[[ Records provided open ]]

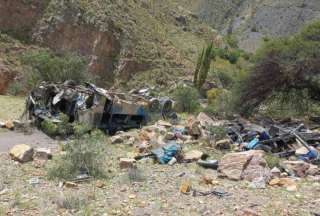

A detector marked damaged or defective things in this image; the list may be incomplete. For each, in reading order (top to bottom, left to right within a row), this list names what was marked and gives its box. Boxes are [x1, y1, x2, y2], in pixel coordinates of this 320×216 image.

overturned vehicle [25, 81, 175, 134]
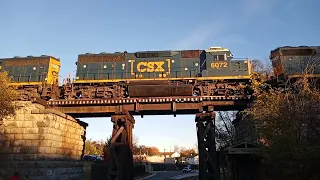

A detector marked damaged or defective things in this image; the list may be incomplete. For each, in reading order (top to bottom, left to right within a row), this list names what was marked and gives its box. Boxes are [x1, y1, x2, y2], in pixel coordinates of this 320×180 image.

rusty metal structure [107, 110, 135, 179]
rusty metal structure [196, 110, 221, 179]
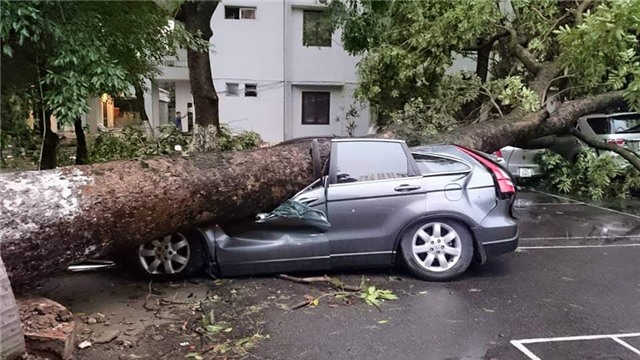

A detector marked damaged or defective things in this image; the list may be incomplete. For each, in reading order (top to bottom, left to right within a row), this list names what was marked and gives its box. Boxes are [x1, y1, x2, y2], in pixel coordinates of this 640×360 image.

crushed grey car [131, 138, 520, 282]
crushed car door [328, 139, 428, 268]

[[ Records provided closed ]]

» **What to produce**:
Find the line containing "this 640×360 image.", then output it and every line after it to the end of the data, exactly.

» **Solution to this task**:
A detector marked damaged or defective things in this image; the list may be incomplete. For each, in reading order (top to bottom, left to right within a row), this list names what was marked and gives its box. Boxes are [x1, y1, x2, y2], in pixel coordinates of this 640×360 image.

crushed grey car [131, 138, 520, 282]
crushed car door [328, 139, 428, 268]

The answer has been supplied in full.